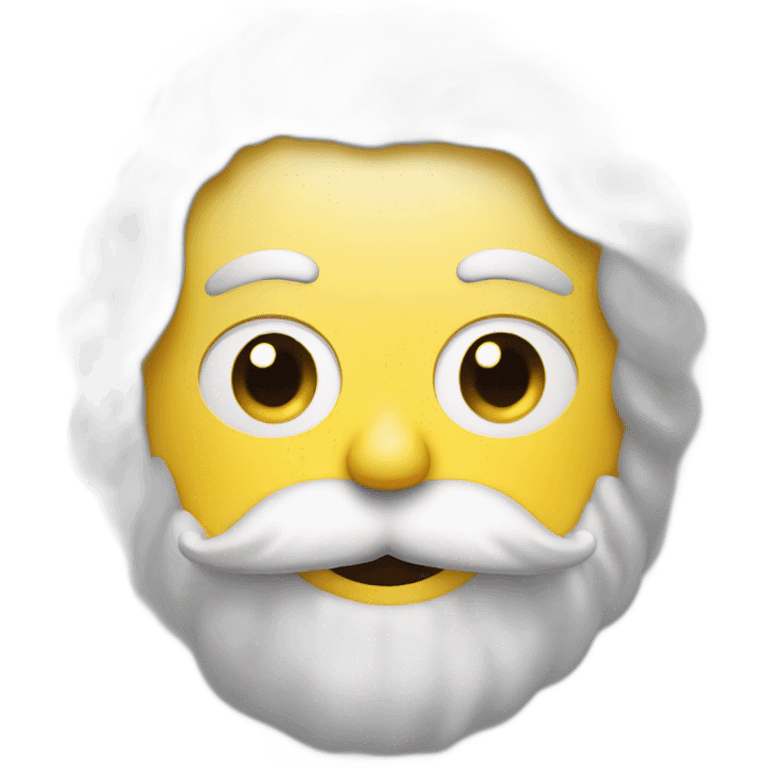 smiley face with white beard and moustache emoji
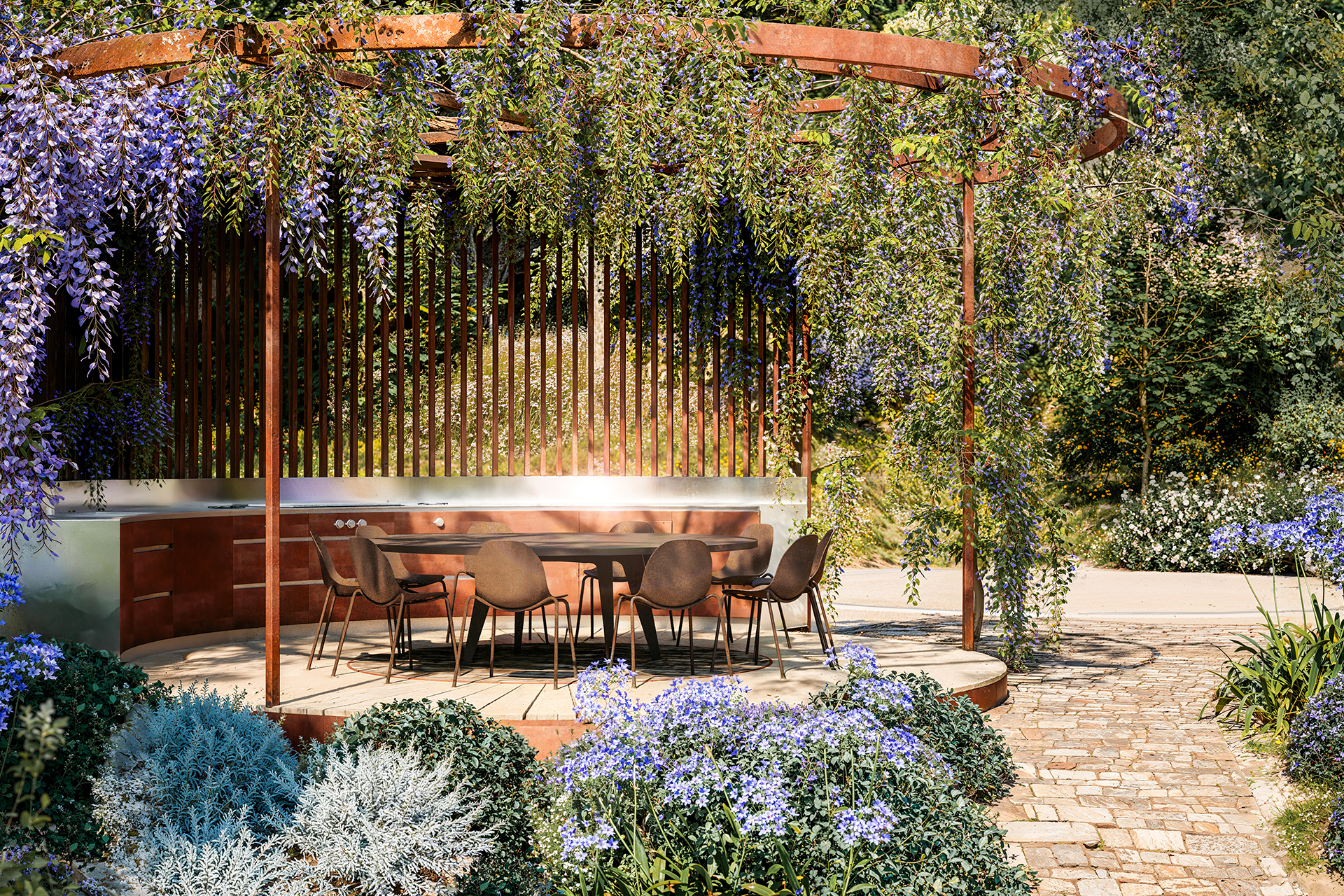 jardin avec pergola et glycine jardin avec pergola et glycine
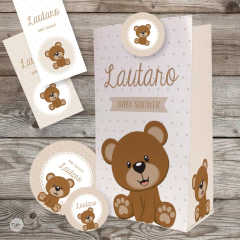 Kit imprimible osito bebe candy bar tukit - online store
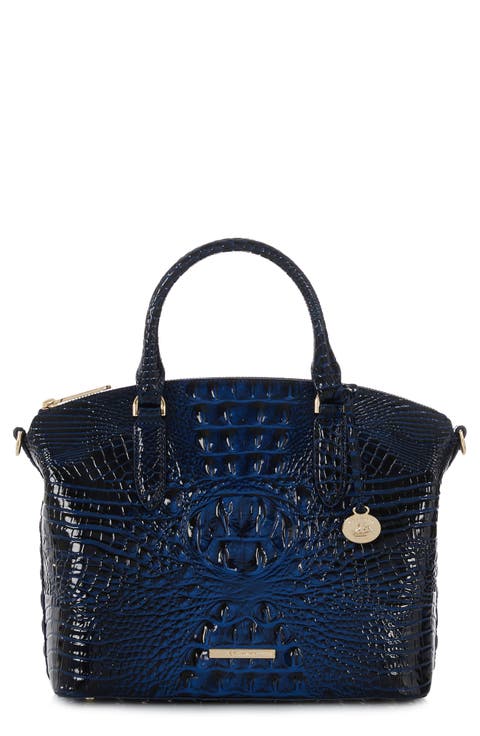 Duxbury Croc Embossed Leather Satchel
##############################
Exercise brief:
Every line of the data above should be repeated exactly. Omit the pictures.

Output for this task:
 smiley face with white beard and moustache emoji
 jardin avec pergola et glycine jardin avec pergola et glycine
 Kit imprimible osito bebe candy bar tukit - online store
 Duxbury Croc Embossed Leather Satchel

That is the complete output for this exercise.